I tried to mange and steer a little bit , i see that the veth driver is not loaded by default , so had to manually install it. But then i see that i hit into the cuda error with this
@tegra-ubuntu:/usr/local/cuda-11.4/samples/0_Simple/matrixMul$ sudo docker run --rm --runtime nvidia --gpus all -v $(pwd):$(pwd) -w $(pwd) ubuntu:20.04 ./matrixMul
WARNING: IPv4 forwarding is disabled. Networking will not work.
CUDA error at …/…/common/inc/helper_cuda.h:781 code=801(cudaErrorNotSupported) “cudaGetDeviceCount(&device_count)”

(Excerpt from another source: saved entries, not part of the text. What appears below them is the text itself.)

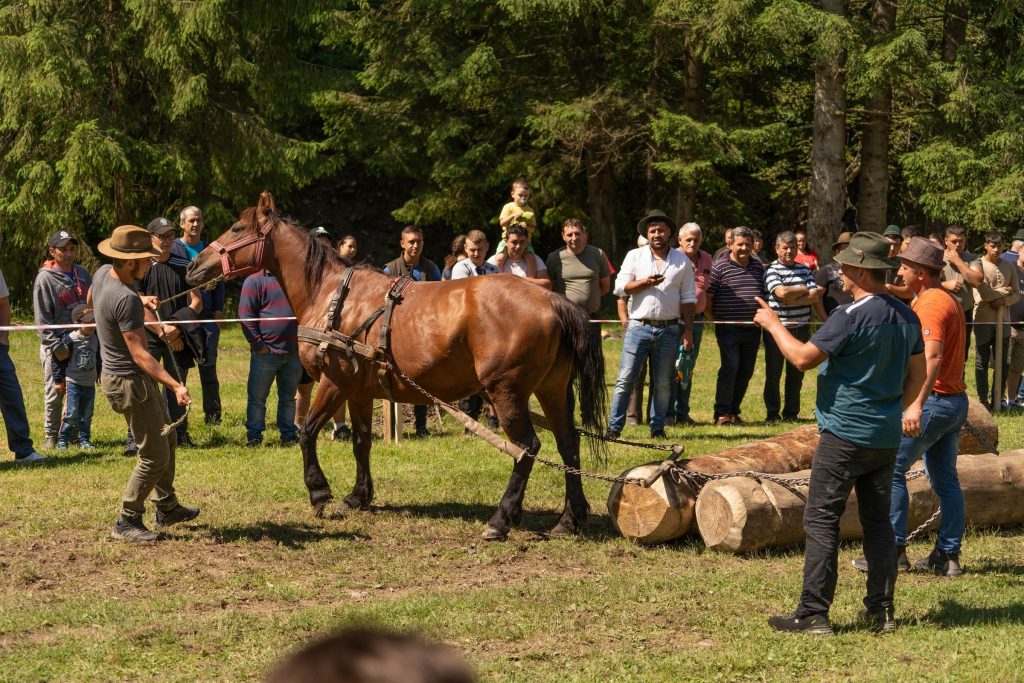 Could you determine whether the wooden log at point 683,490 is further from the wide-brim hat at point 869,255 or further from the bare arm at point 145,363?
the bare arm at point 145,363

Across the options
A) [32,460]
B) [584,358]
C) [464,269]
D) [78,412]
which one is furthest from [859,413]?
[78,412]

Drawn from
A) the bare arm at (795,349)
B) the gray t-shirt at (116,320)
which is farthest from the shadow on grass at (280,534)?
the bare arm at (795,349)

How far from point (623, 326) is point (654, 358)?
0.94m

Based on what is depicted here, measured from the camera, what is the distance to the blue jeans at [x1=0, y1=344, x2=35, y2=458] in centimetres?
1118

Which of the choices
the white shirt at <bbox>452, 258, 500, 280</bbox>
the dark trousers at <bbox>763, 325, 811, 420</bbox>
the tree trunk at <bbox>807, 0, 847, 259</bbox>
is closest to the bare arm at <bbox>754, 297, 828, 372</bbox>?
the white shirt at <bbox>452, 258, 500, 280</bbox>

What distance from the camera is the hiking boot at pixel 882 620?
20.8 feet

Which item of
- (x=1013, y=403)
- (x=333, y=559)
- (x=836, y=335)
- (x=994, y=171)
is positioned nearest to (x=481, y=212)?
(x=994, y=171)

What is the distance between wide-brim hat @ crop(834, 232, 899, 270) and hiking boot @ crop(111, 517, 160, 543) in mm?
5091

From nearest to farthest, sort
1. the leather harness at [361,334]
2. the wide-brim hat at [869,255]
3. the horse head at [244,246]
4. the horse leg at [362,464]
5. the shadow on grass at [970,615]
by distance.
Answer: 1. the wide-brim hat at [869,255]
2. the shadow on grass at [970,615]
3. the leather harness at [361,334]
4. the horse leg at [362,464]
5. the horse head at [244,246]

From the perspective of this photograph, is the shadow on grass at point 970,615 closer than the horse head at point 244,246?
Yes

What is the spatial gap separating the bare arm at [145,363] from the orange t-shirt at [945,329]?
4.73m

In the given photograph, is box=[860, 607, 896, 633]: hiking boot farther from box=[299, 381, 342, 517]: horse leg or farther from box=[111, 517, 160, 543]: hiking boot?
box=[111, 517, 160, 543]: hiking boot

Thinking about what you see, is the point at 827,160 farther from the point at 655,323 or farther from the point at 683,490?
the point at 683,490

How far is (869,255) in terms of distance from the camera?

[Matrix Multiply Using CUDA] - Starting…
Any pointers why i see this issue with cuda ? what drivers might be missing in this case ?
It appears that you’re encountering an issue with the CUDA library, specifically when calling the cudaGetDeviceCount() function. Before we can provide you with specific guidance, could you please provide some additional information?
Have you reflashed the devkit before this try? Which version of DRIVE OS you are currently using? Furthermore, it would be helpful if you could share the complete output of building the ‘matrixMul’ application.
a clean installation of 6.0.6 on the orin resolved the issue. .
Now am able to get the cuda tested in the docker on orin.
tegra-ubuntu:/usr/local/cuda/samples/0_Simple/matrixMul# ./matrixMul
[Matrix Multiply Using CUDA] - Starting…
GPU Device 0: “Ampere” with compute capability 8.7
MatrixA(320,320), MatrixB(640,320)
Computing result using CUDA Kernel…
done
Performance= 617.98 GFlop/s, Time= 0.212 msec, Size= 131072000 Ops, WorkgroupSize= 1024 threads/block
Checking computed result for correctness: Result = PASS
NOTE: The CUDA Samples are not meant for performancemeasurements. Results may vary when GPU Boost is enabled.